I am tired. Seriously. Tired of chasing after some of you. Tired of reminding again and again. Tired of being taken for granted. I could let Mr. P Tan know that submissions that were due were not handed in. However, each time I look at you, I know you too, are overwhelmed and bogged down by other work. I try to make up excuses for some of you. However, I am running out of it.
Work that was supposed to be due last week are left undone even till this week. I cannot help but feel that it speaks much of the little respect you have of me. I am disappointed. :( I even made announcement in class yesterday so that I can walk away today with 100% submission. Yet today, I have people coming up to me telling me they didn't have the worksheets. You could have found me last week to get the worksheets. It really doesn't feel very nice to have to walk away feeling that your students really don't care about how you feel and that the understatement is: they pay little regard for your work.
If you really don't know, I sleep very little and try very hard for this class but I am really at the end of my stick. I really place 4B as my top priority and I have made 3A feel that I have neglected them. I wake up early in the morning to mark essays, weekly journals and prepare notes and essays for you but I hear groans and complaints that I am not doing enough. All I can say is I am trying. I remember the promise I made to 4B at the start of this year and I won't forget it: that i will put my 100% effort into you. At the end of the day, what you want to achieve is really your battle to fight. I can give you the ammunition as I know how but if you do not want to even press on, what more can I say?
I am tired and disappointed. My weekends are burnt from marking. I don't even go out anymore. Think about it- Do we teachers not try hard as well? Don't we deserve that bit of respect to get our work handed in by deadline? it's time to also see things from other people's perspectives and not just inwardly, isn't it? You are young adults to me and I have every intention to treat you like one. In fact, I do. Everytime you ask for an extension, I don't rail at you like you are a lower sec. I know you are stressed too. But see it from my perspective too. It is not fair that I have to chase for a homework which deadline was last week. So, please, do me and yourself a favour. Get thy act together. The deadline for phrases is due by FRIDAY.

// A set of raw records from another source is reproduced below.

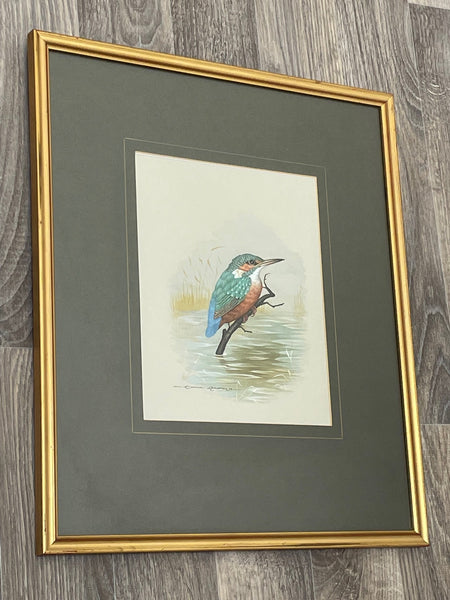 Watercolour Painting "Iridescent Kingfisher" By David Andrews - Cheshire Antiques Consultant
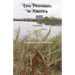 Live Pterosaurs in America: Not extinct, flying creatures of cryptozoology that some call pterodactyls or flying dinosaurs or prehistoric birds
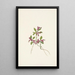 Polygale à feuilles paucifoliées Polygala paucifolia - Mary Vaux Walcott — framed artwork on a wall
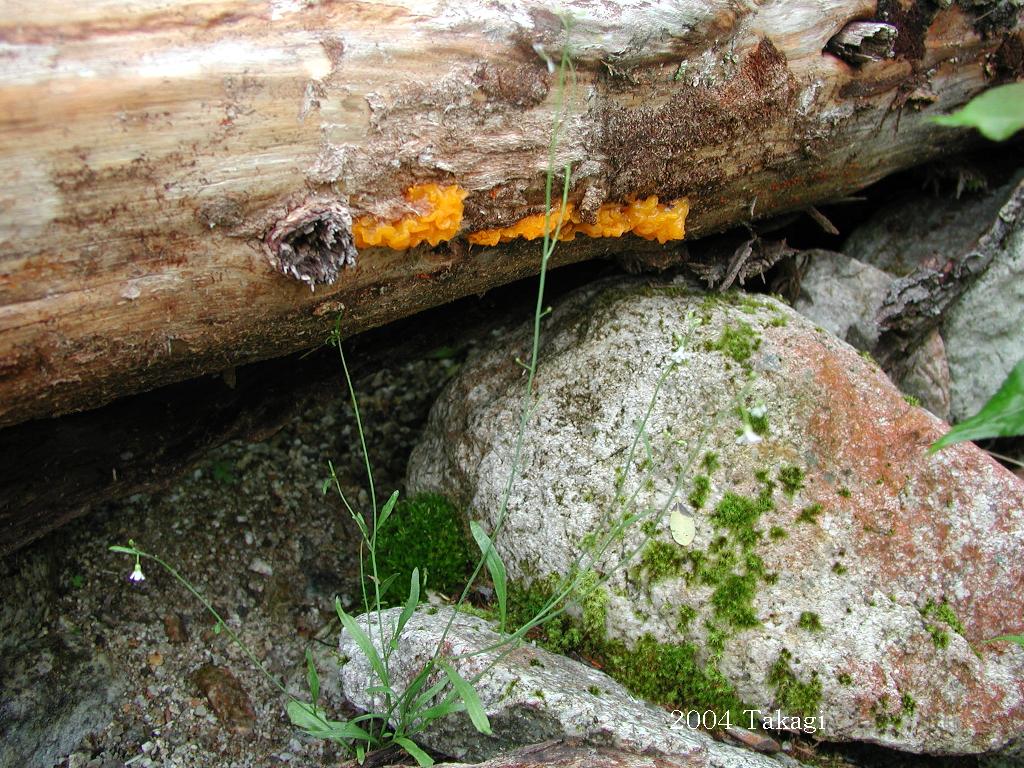 マウスホイールで拡大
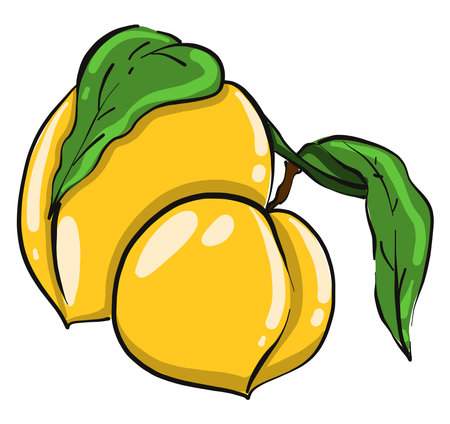 Yellow apricot,illustration,vector on white backgroundのイラスト素材
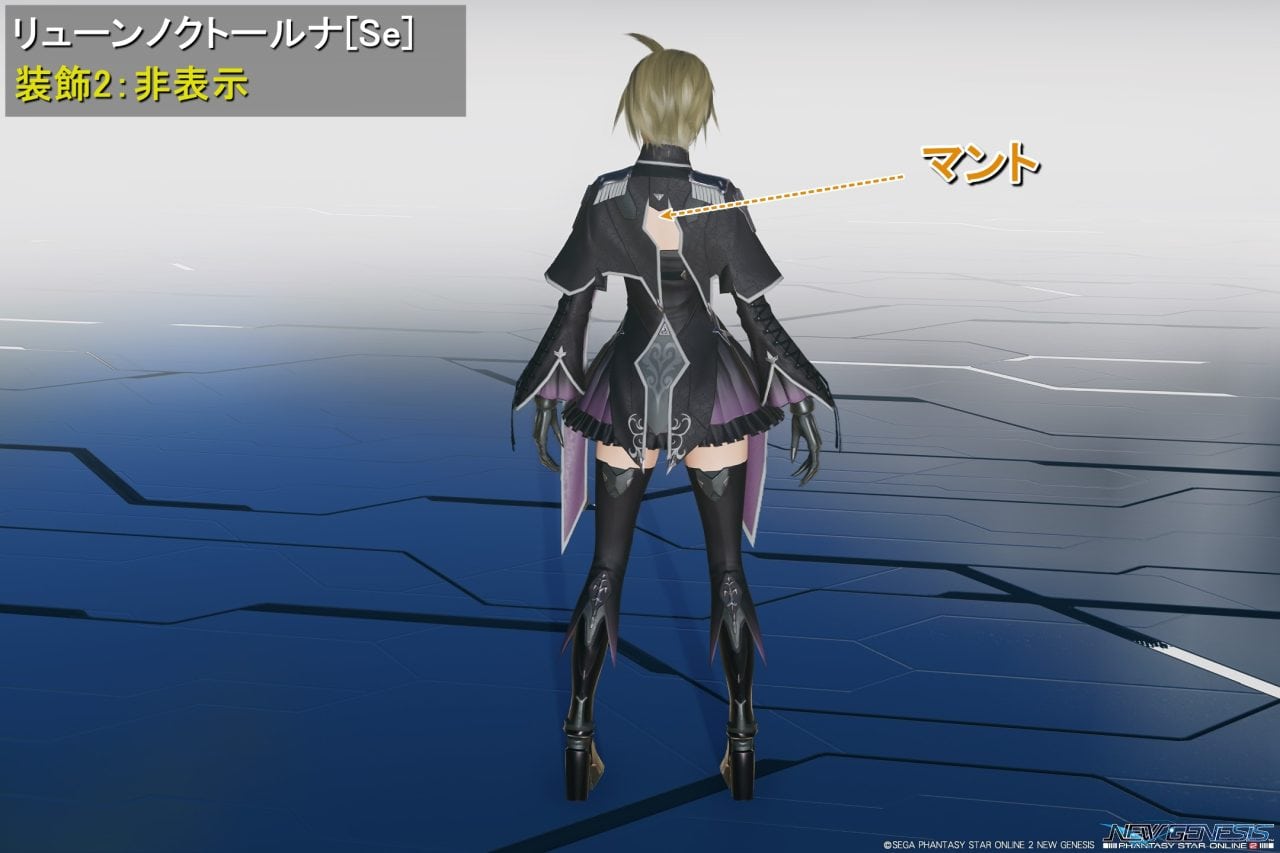 リューンノクトールナSeの装飾2：非表示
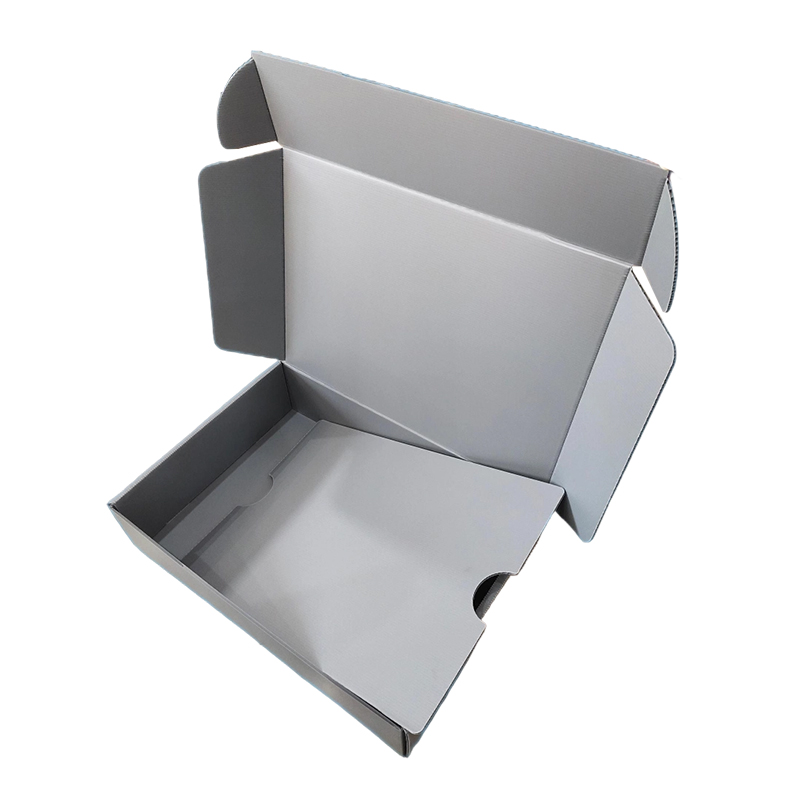 Sturdy Anti-Moisture Corrugated PP Plastic Airplane Mailer Box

I really believe this class can do it. I have also grown to love this class and which is why I am disappointed that some did not bother to get the worksheets from me until today. Whether it is due to the fact that you are absentminded or that you really dislike having me as a teacher, i think some boundaries have to be drawn. work has to be submitted. You are, after all, the one sitting for the EL paper on 25 October. I really don't wish to see anyone not trying.

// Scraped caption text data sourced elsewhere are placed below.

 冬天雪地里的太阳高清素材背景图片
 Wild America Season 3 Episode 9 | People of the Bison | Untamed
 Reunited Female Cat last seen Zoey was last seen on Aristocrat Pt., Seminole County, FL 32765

I know too that some who have not submitted my work do not have intentions to hurt me and that you had visiting to do. I completely understand what it is like and I know you do try very hard in class. Please try to manage your time. If I have a chance, I also wish to not write this post and be your friend instead, empathising with you on the stress of being a Secondary Four student. However, work is work, my dears.
Work hard for this year, don't live to regret it. Really. After that, we can have all the partying we want. This is my daily prayer for you-- to excel in your Os, not just EL only. And you can do it, I am very certain of that, if you put your heart and soul into it. I am sorry if this is distasteful to some. The mother in me just have to come out and reprimand a little.